After a breakout and a few double- and triple-crosses, Emily is on her way home when, acting on a hunch, she follows a suspect to a posh hotel in Switzerland and the intrigue starts flying anew.
Gilman has created an endearing character in the feisty Emily Pollifax, but the pic leans more toward fantasy than mystery. Here the CIA is run more like F-Troop, with upper management first mistaking Emily as an agent, then losing her on assignment and finally inadvertently issuing a hit on her life.
On one hand, Robert T. Megginson’s plot conveys the positive notion that not only is there life after 60, but an exciting and rewarding one at that. More than once, the script touches on society’s disrespect for senior citizens, and part of Emily’s appeal is that she is not easily dismissed. Her life experiences and common sense are an asset in the spy game, and she uses her age to her advantage.
However, there is something extremely disquieting seeing Lansbury as Emily manhandled by terrorists and torturers. Frivolity quickly gives way to peril, and Megginson’s plot has more than its share of jeopardizing situations. Also unusual for this supposedly good-natured mystery is the heavy body count, which is met with a banality that betrays the very nature of Emily’s character.
Still, Lansbury handles the material like a pro, and should be able to withstand the inevitable comparisons to her long-running alter ego, Jessica Fletcher.
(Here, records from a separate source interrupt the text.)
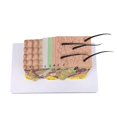 thumbnail image 3 of Skin Model, 35X Enlarged Anatomical Model Anatomy for Science, 3 of 5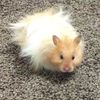 hamster_9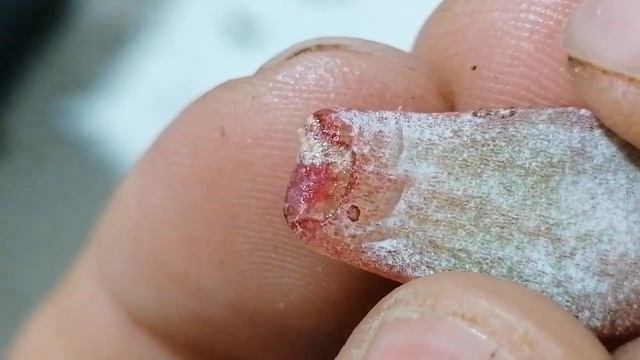 suculentas echeveria laui reproduccion donsuculento смотреть онлайн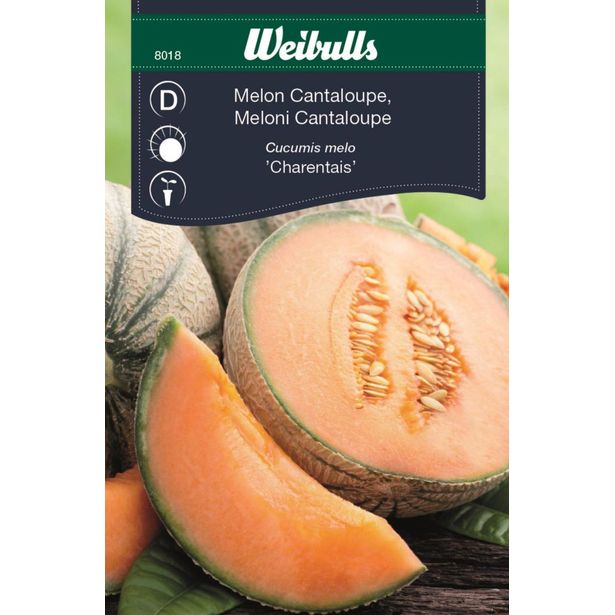 Meloni Weibulls cantaloupe siemenet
Thomas Ian Griffith as the dashing Jack smacks of a calculated gimmick by the producers to attract a multigenerational audience, but whatever the motive, the casting stunt works, mainly because it is the elderly Emily who saves and takes care of the young superagent instead of the other way around.
A whimsical music score and Tiny Nicholl’s selection of outrageous hats complete a first-rate production.